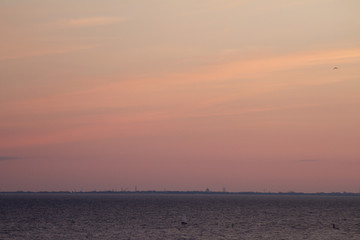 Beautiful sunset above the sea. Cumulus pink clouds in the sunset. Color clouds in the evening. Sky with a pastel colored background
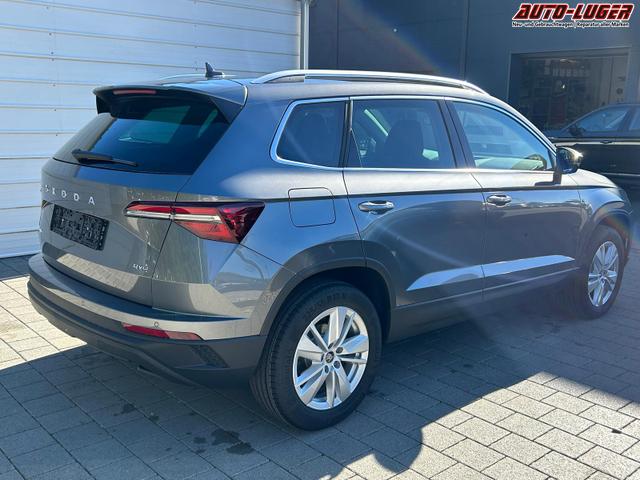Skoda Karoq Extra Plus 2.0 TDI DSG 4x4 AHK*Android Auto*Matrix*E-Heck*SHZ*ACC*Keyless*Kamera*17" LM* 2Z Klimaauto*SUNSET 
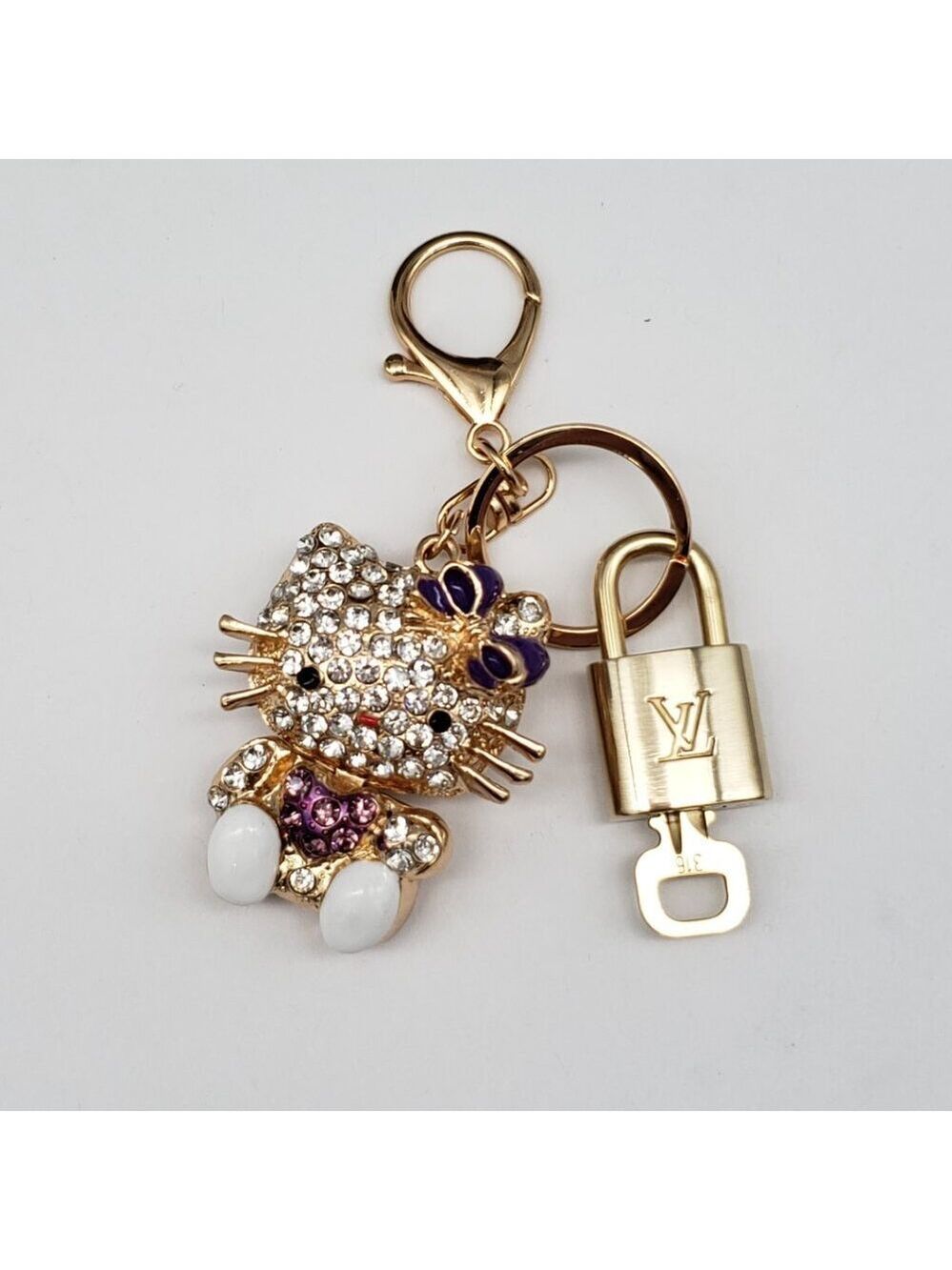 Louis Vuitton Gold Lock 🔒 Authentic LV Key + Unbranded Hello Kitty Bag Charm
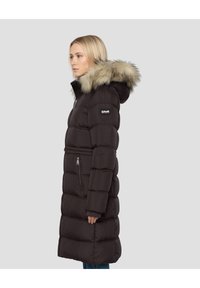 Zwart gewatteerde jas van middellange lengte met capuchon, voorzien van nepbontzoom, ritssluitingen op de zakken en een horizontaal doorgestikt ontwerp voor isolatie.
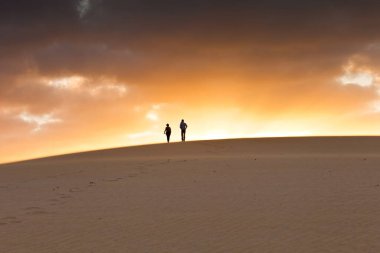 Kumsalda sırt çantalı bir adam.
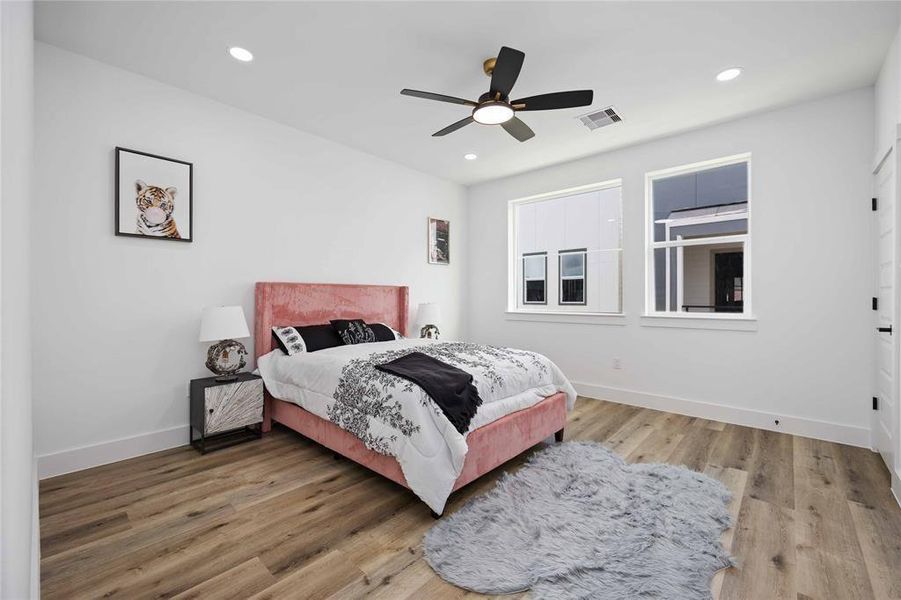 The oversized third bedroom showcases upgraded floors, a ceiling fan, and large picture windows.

★ ★ ★ ★ ★

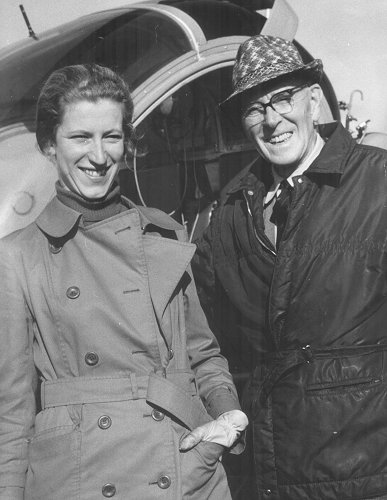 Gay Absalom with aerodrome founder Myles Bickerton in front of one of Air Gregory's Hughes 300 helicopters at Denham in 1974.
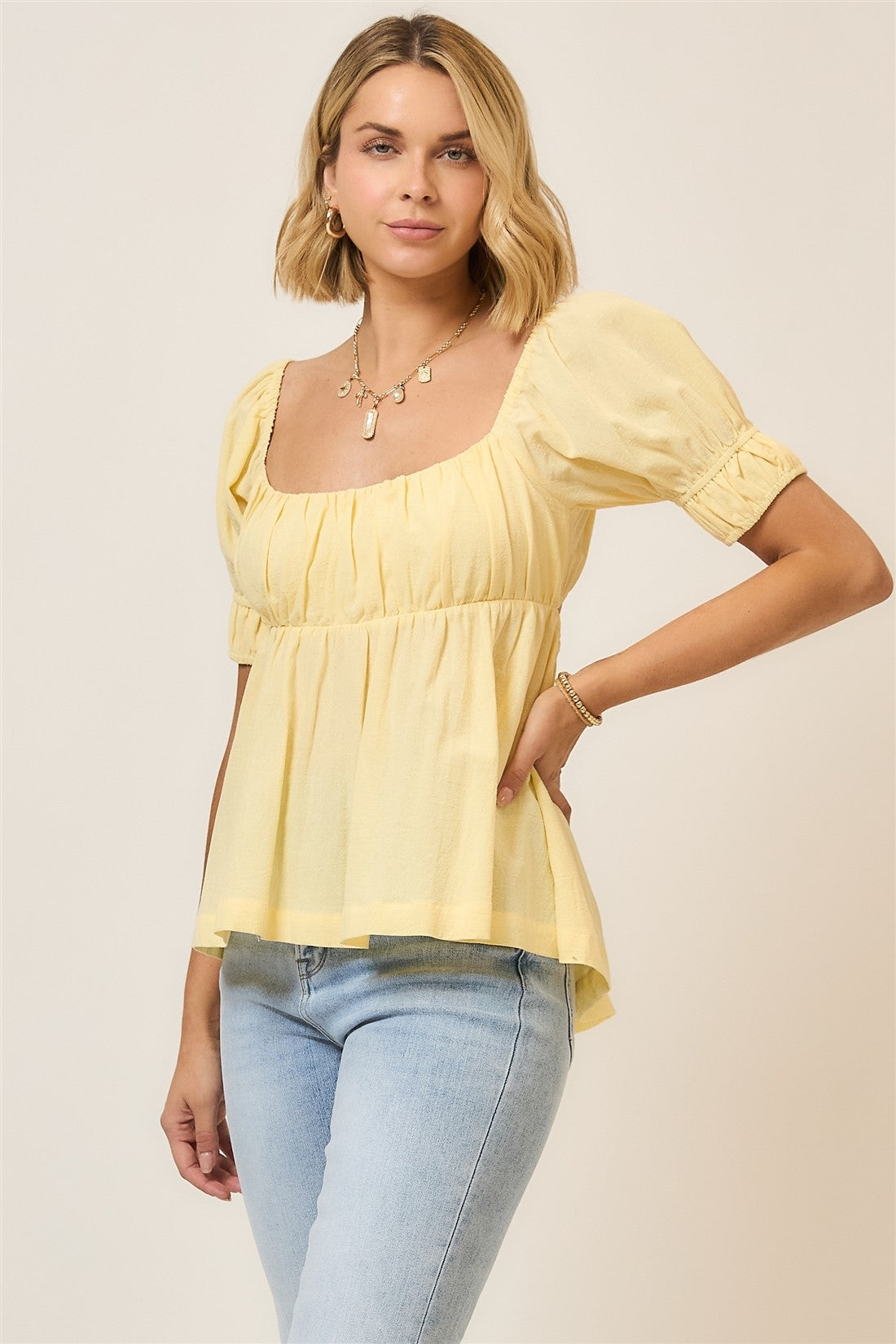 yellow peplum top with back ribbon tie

★ ★ ★ ★ ★

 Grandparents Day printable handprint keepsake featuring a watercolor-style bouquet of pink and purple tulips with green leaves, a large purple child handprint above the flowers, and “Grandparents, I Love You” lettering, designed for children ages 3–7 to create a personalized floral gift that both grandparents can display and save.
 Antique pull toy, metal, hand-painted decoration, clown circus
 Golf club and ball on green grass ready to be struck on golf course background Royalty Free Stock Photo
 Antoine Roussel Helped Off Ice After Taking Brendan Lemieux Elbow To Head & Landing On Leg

★ ★ ★ ★ ★

From the records above, copy only the lines running from the line containing "Beautiful sunset above" to the line containing "Louis Vuitton Gold", both ends included. Leave the pictures out.

 Beautiful sunset above the sea. Cumulus pink clouds in the sunset. Color clouds in the evening. Sky with a pastel colored background
Skoda Karoq Extra Plus 2.0 TDI DSG 4x4 AHK*Android Auto*Matrix*E-Heck*SHZ*ACC*Keyless*Kamera*17" LM* 2Z Klimaauto*SUNSET 
 Louis Vuitton Gold Lock 🔒 Authentic LV Key + Unbranded Hello Kitty Bag Charm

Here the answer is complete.